Convert RcppArmadillo vector to Rcpp vector - r

I am trying to convert RcppArmadillo vector (e.g. arma::colvec) to a Rcpp vector (NumericVector). I know I can first convert arma::colvec to SEXP and then convert SEXP to NumericVector (e.g. as<NumericVector>(wrap(temp)), assuming temp is an arma::colvec object). But what is a good way to do that?
I want to do that simply because I am unsure if it is okay to pass arma::colvec object as a parameter to an Rcpp::Function object.

I was trying to Evaluate a Rcpp::Function with argument arma::vec, it seems that it takes the argument in four forms without compilation errors. That is, if f is a Rcpp::Function and a is a arma::vec, then
f(a)
f(wrap(a))
f(as<NumericVector>(wrap(a)))
f(NumericVector(a.begin(),a.end()))
produce no compilation and runtime errors, at least apparently.
For this reason, I have conducted a little test for the four versions of arguments.

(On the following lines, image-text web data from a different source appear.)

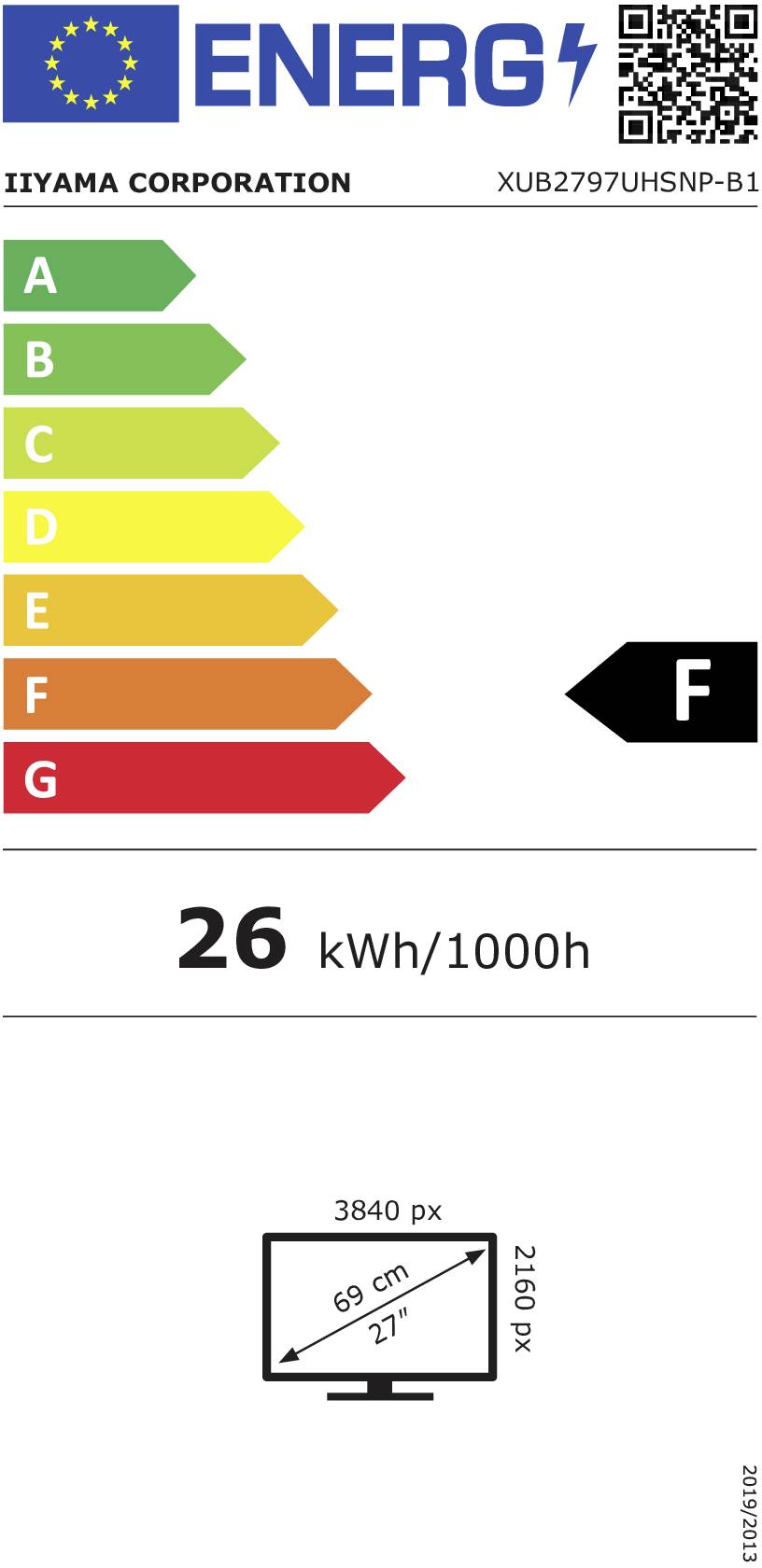 Energieetikett für Monitor XUB2797UHSNP-B1, Effizienzklasse F; Verbrauch 26 kWh/1000h. Bildschirmgröße 27 Zoll, Auflösung 3840x2160 Pixel.
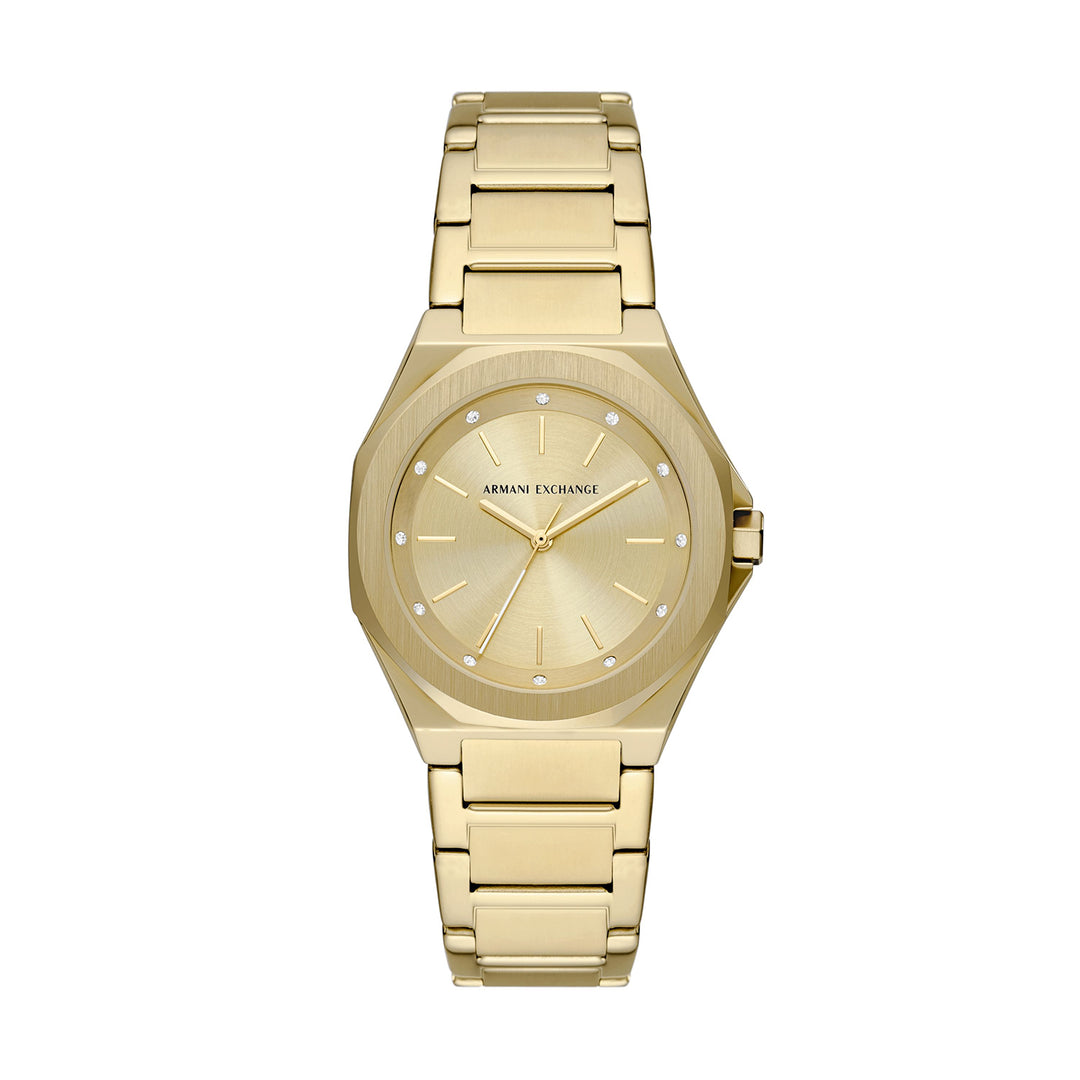 Armani Exchange Three-Hand Gold-Tone Stainless Steel Watch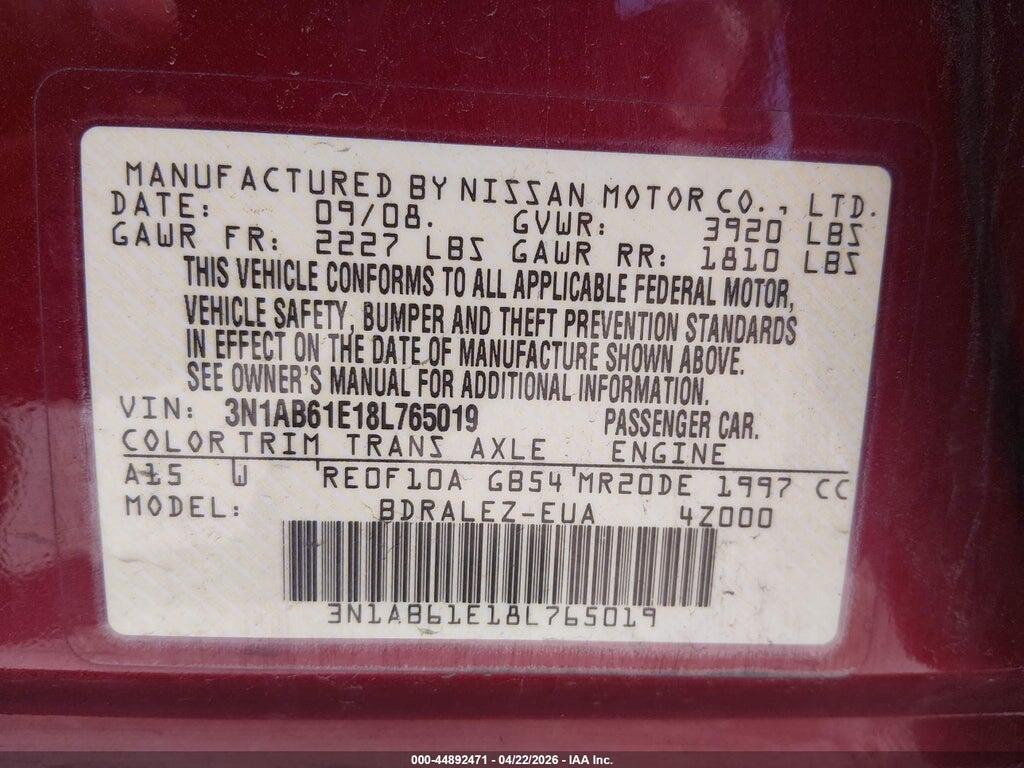 3N1AB61E18L765019 2008 NISSAN SENTRA photo no. 9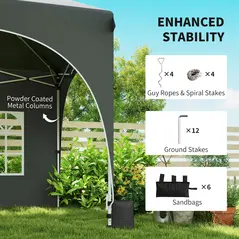 Outsunny 3 x 6m Pop Up Gazebo Shelter with Sides, 6 Sandbags, Peak Top Garden Party Tent Marquee with Carry Bag, Dark Grey - 5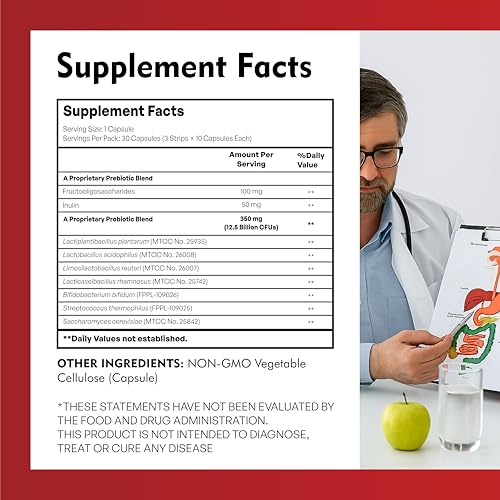 Image of Serenocard Probiotics Supplement, 12.5 Billion CFUs with Prebiotic Fiber, Cardiovascular Support- 30 Veg Capsule (Pack of 3x10) Men & Women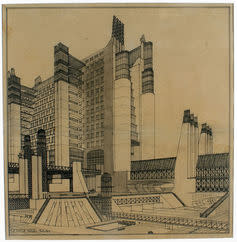 <span class="caption">A 1914 design by futurist architect Antonio Sant'Elia.</span> <span class="attribution"><a class="link " href="https://commons.wikimedia.org/wiki/File:Casa_Sant%27Elia.jpg" rel="nofollow noopener" target="_blank" data-ylk="slk:Antonio Sant'Elia;elm:context_link;itc:0;sec:content-canvas">Antonio Sant'Elia</a></span>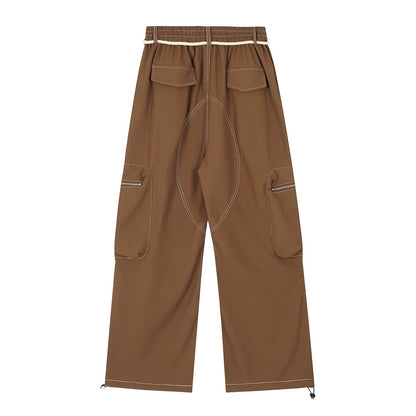 Men Sweatpants Workwear Pants Men's Multi-Pocket Straight-Leg Wide-Leg Pants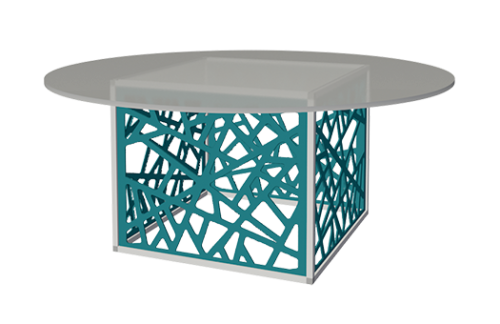 Made in the US by Ampa Events, this round acrylic pedestal table is a great rental for a variety of events.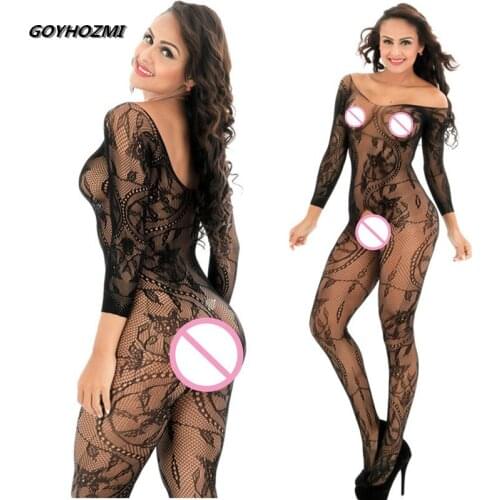 GOYHOZMI Body Suit Sexy Lingerie black Bodystockings Sex Costumes Sexy Underwear Intimates robe deep V Open Crotch Women Teddies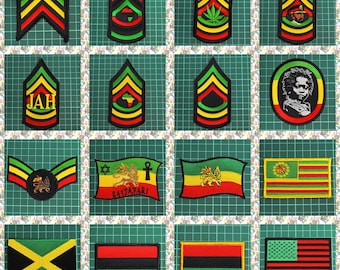 Embroidery Iron Patch  (Rasta Reggae Ethiopia Africa Lion of Judah Haile Selassie i Jamaica Dub)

Since I suspect that somethings will go wrong in garbage collection, I test them again gctorture.
gctorture(on=FALSE)
Rcpp::sourceCpp(code = '
#include <RcppArmadillo.h>
// [[Rcpp::depends(RcppArmadillo)]]
using namespace Rcpp;
// [[Rcpp::export]]
double foo1(arma::vec a, arma::vec b, Function f){
double sum = 0.0;
for(int i=0;i<100;i++){
sum += as<double>(f(a, b));
}
return sum;
}
// [[Rcpp::export]]
double foo2(arma::vec a, arma::vec b, Function f){
double sum = 0.0;
for(int i=0;i<100;i++){
sum += as<double>(f(wrap(a),wrap(b)));
}
return sum;
}
// [[Rcpp::export]]
double foo3(arma::vec a, arma::vec b, Function f){
double sum = 0.0;
for(int i=0;i<100;i++){
sum += as<double>(f(as<NumericVector>(wrap(a)),as<NumericVector>(wrap(b))));
}
return sum;
}
// [[Rcpp::export]]
double foo4(arma::vec a, arma::vec b, Function f){
double sum = 0.0;
for(int i=0;i<100;i++){
sum += as<double>(f(NumericVector(a.begin(),a.end()),NumericVector(b.begin(),b.end())));
}
return sum;
}
')
# note that when gctorture is on, the program will be very slow as it
# tries to perfrom GC for every allocation.
# gctorture(on=TRUE)
f = function(x,y) {
mean(x) + mean(y)
}
# all three functions should return 700
foo1(c(1,2,3), c(4,5,6), f) # error
foo2(c(1,2,3), c(4,5,6), f) # wrong answer (occasionally)!
foo3(c(1,2,3), c(4,5,6), f) # correct answer
foo4(c(1,2,3), c(4,5,6), f) # correct answer
As a result, the first method produces an error, the second method produces a wrong answer and only the third and the fourth method return the correct answer.
> # they should return 700
> foo1(c(1,2,3), c(4,5,6), f) # error
Error: invalid multibyte string at '<80><a1><e2>'
> foo2(c(1,2,3), c(4,5,6), f) # wrong answer (occasionally)!
[1] 712
> foo3(c(1,2,3), c(4,5,6), f) # correct answer
[1] 700
> foo4(c(1,2,3), c(4,5,6), f) # correct answer
[1] 700
Note that, if gctorture is set FALSE, then all functions will return a correct result.
> foo1(c(1,2,3), c(4,5,6), f) # error
[1] 700
> foo2(c(1,2,3), c(4,5,6), f) # wrong answer (occasionally)!
[1] 700
> foo3(c(1,2,3), c(4,5,6), f) # correct answer
[1] 700
> foo4(c(1,2,3), c(4,5,6), f) # correct answer
[1] 700
It means that method 1 and method 2 are subjected to break when garbage is collected during runtime and we don't know when it happens. Thus, it is dangerous to not wrap the parameter properly.
Edit: as of 2017-12-05, all four conversions produce the correct result.
f(a)
f(wrap(a))
f(as<NumericVector>(wrap(a)))
f(NumericVector(a.begin(),a.end()))
and this is the benchmark
> microbenchmark(foo1(c(1,2,3), c(4,5,6), f), foo2(c(1,2,3), c(4,5,6), f), foo
3(c(1,2,3), c(4,5,6), f), foo4(c(1,2,3), c(4,5,6), f))
Unit: milliseconds
expr min lq mean median uq
foo1(c(1, 2, 3), c(4, 5, 6), f) 2.575459 2.694297 2.905398 2.734009 2.921552
foo2(c(1, 2, 3), c(4, 5, 6), f) 2.574565 2.677380 2.880511 2.731615 2.847573
foo3(c(1, 2, 3), c(4, 5, 6), f) 2.582574 2.701779 2.862598 2.753256 2.875745
foo4(c(1, 2, 3), c(4, 5, 6), f) 2.378309 2.469361 2.675188 2.538140 2.695720
max neval
4.186352 100
5.336418 100
4.611379 100
3.734019 100
And f(NumericVector(a.begin(),a.end())) is marginally faster than other methods.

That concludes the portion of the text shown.